From the National Review:
Susan Sontag established herself as a public intellectual through original and incisive essays in which she exalted avant-garde over high culture in the 1960s. Late in her career, in the 1990s, she began to have second thoughts. 
“It never occurred to me that all the stuff I had cherished, and all the people I had cared about in my university education, could be dethroned,” she explained to Joan Acocella of The New Yorker. She had assumed that “all that would happen is that you would set up an annex — you know, a playhouse — in which you could study these naughty new people, who challenged things.” 
The “naughty new people” were mid-20th-century artists, particularly American and European writers and filmmakers, who defied existing conventions of the novel and of narrative in general. In your creation or experience of art, try for a moment to stop asking what it “means,” Sontag advised. Relish the “sensuous surface of art without mucking about in it.” 
The aesthetic she was celebrating — it amounted to an elevation of form over content — was supposed to be exemplified by the “nouveau roman,” in which plot, character development, and all the empty promises of linear thought were minimized or, better, absent. 
“What is important now is to recover our senses,” she wrote. “We must learn to see more, to hear more, to feel more.” Alas, what had appealed to Sontag about that kind of formalism “was mostly just the idea of it,” Acocella observed. 

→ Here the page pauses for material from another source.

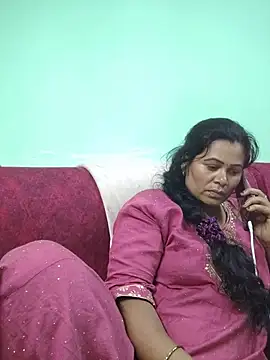 Snapshot of tamilaruvi chatting on 07/01/26, 03:45 tamilaruvi online show from 07/01/26, 03:45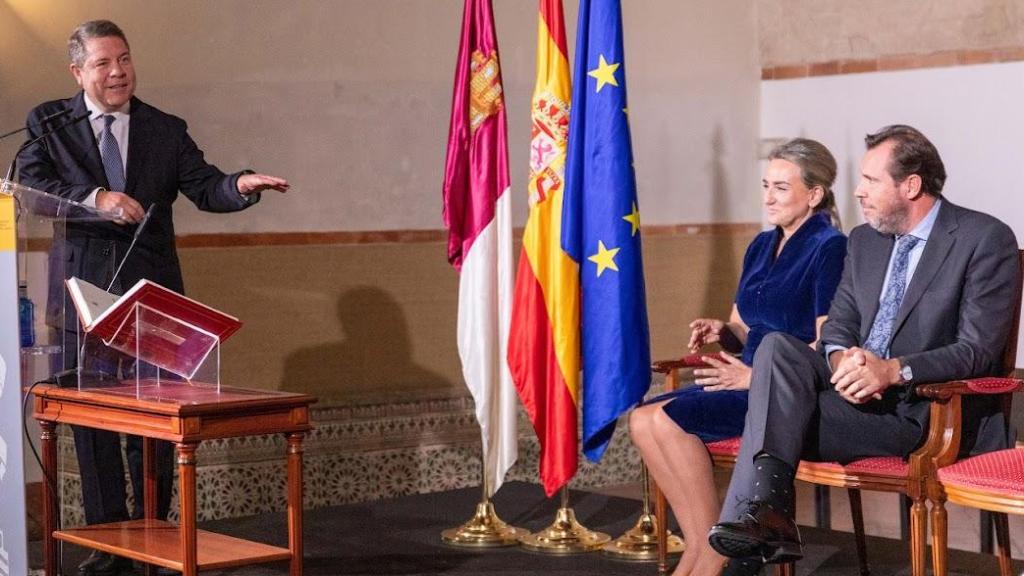 Emiliano García-Page se dirige a Óscar Puente durante el nombramiento de Milagros Tolón como delegada del Gobierno en Castilla-La Mancha.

“I thought I liked William Burroughs and Nathalie Sarraute and Robbe-Grillet,” Sontag told her, “but I didn’t. I actually didn’t.” 
And now she had regrets. 
“Little did I know that the avant-garde transgressiveness of the sixties was to become absolutely institutionalized and that most of the gods of high culture would be dethroned and mocked.” 
In “Thirty Years Later” (1996), Sontag, reflecting on what she had failed to foresee when she wrote the cultural criticism collected in her book Against Interpretation (1966), recounted that she hadn’t yet grasped that seriousness itself was in the early stages of losing credibility in the culture at large, and that some of the more transgressive art I was enjoying would reinforce frivolous, merely consumerist transgressions. 
Thirty years later, the undermining of standards of seriousness is almost complete, with the ascendancy of a culture whose most intelligible, persuasive values are drawn from the entertainment industries. Now the very idea of the serious (and the honorable) seems quaint, “unrealistic,” to most people. 
During the late ‘60s and early ‘70s Pauline Kael was doing the same tearing down of old standards in the film industry as Sontag did in literature from her perch as the New Yorker’s most prominent film critic. 
As a 2008 profile of her in Canada’s National Post concluded, “Not long before she died, Pauline Kael remarked to a friend, ‘When we championed trash culture we had no idea it would become the only culture.’ Who did?”